Task to carry out = Pictures are not part of the copy. Write out exactly the lines from the line with "Franz Mensch NatureStar" through the end of the entries below.

Input =
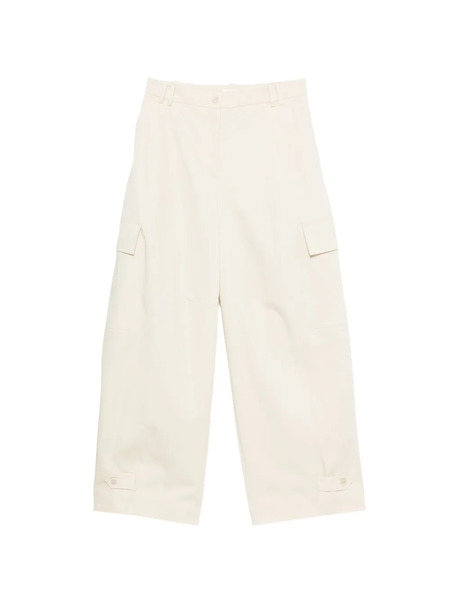  P.a.r.o.s.h. Flap-pockets Cargo Pants - Neutrals 
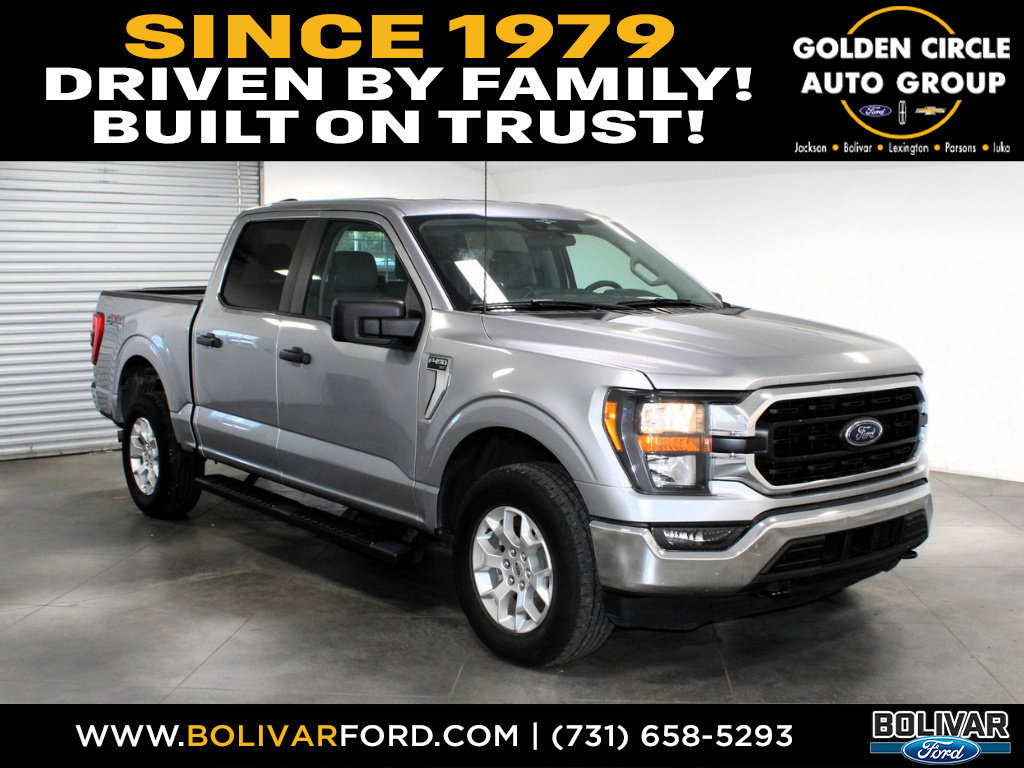 Used 2023 Ford F150 XLT AWD/4WD image 1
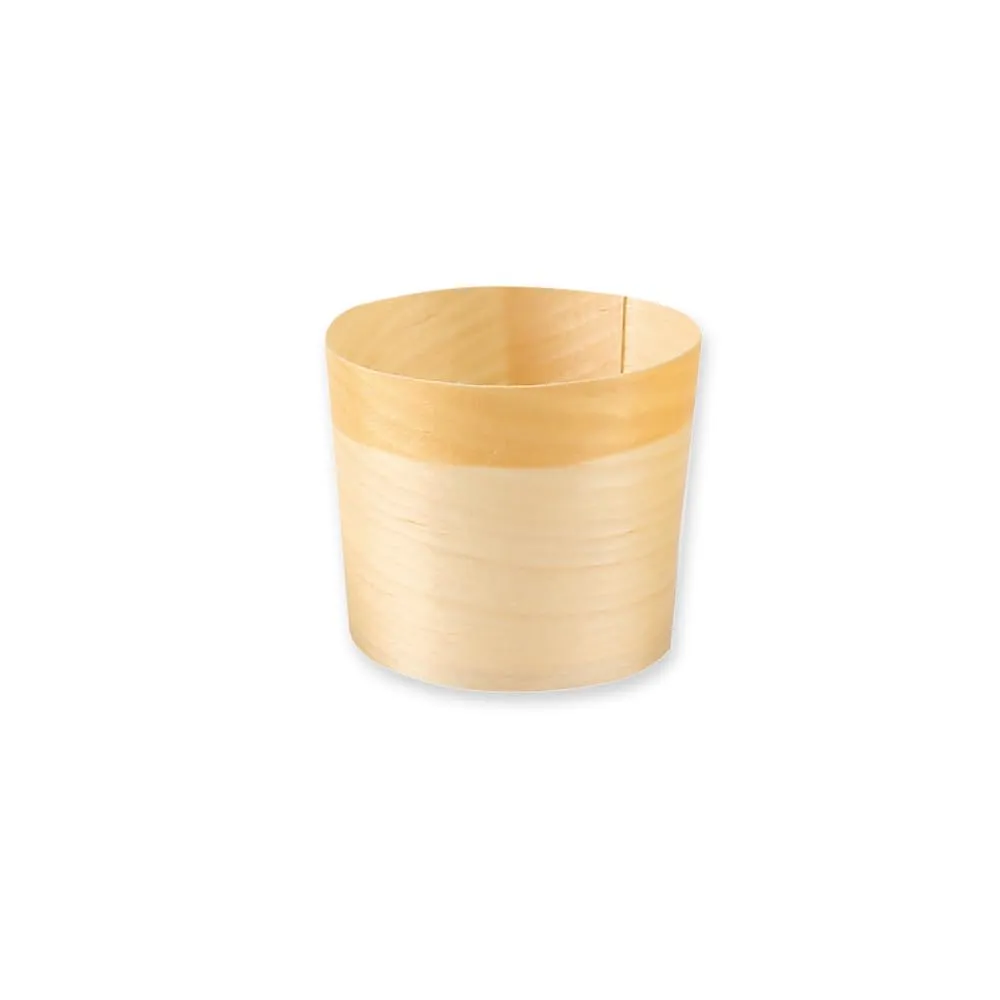 Franz Mensch NatureStar Fingerfood-Schalen Holz 5cm 500er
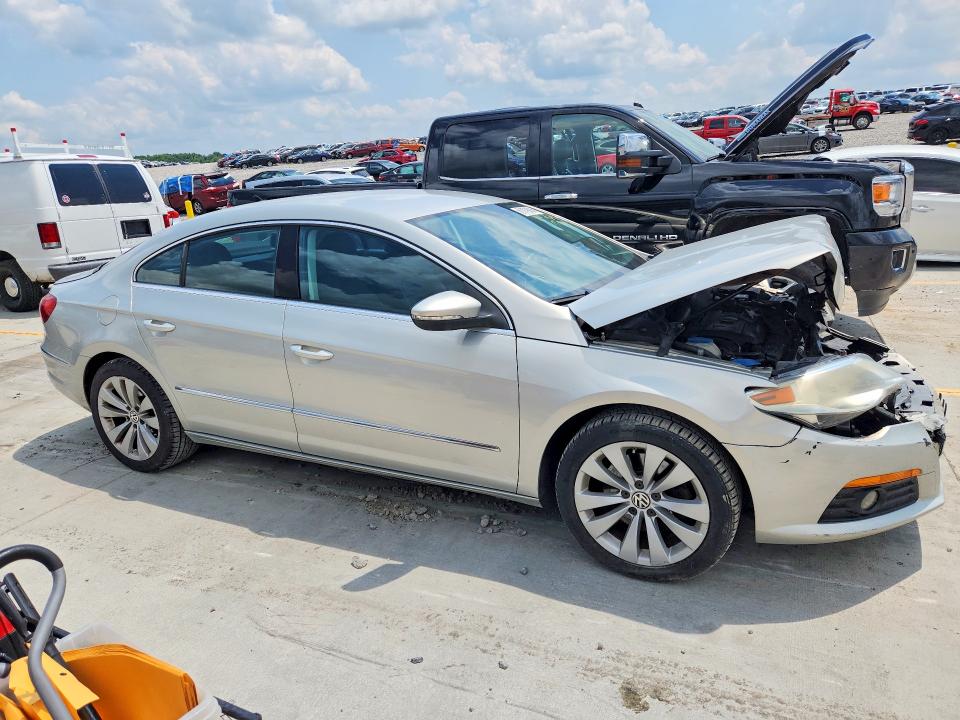 Продажа на аукционе авто 2010 Volkswagen Cc, vin: WVWML7AN9AE520004, номер лота: 61679026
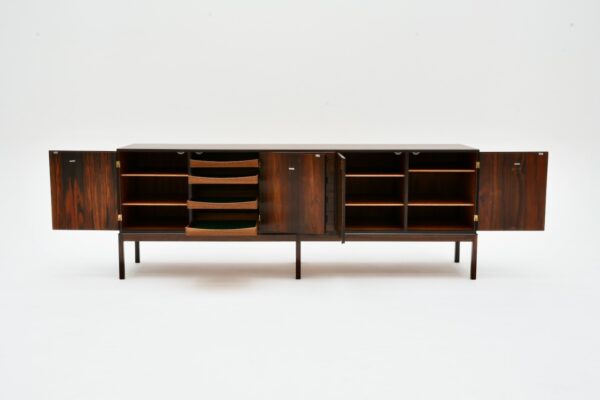 Enfilade Johannes Andersen palissandre de Rio  scandinavie 1950 (sold) – Image 6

Exercise response =
 Franz Mensch NatureStar Fingerfood-Schalen Holz 5cm 500er
 Продажа на аукционе авто 2010 Volkswagen Cc, vin: WVWML7AN9AE520004, номер лота: 61679026
 Enfilade Johannes Andersen palissandre de Rio  scandinavie 1950 (sold) – Image 6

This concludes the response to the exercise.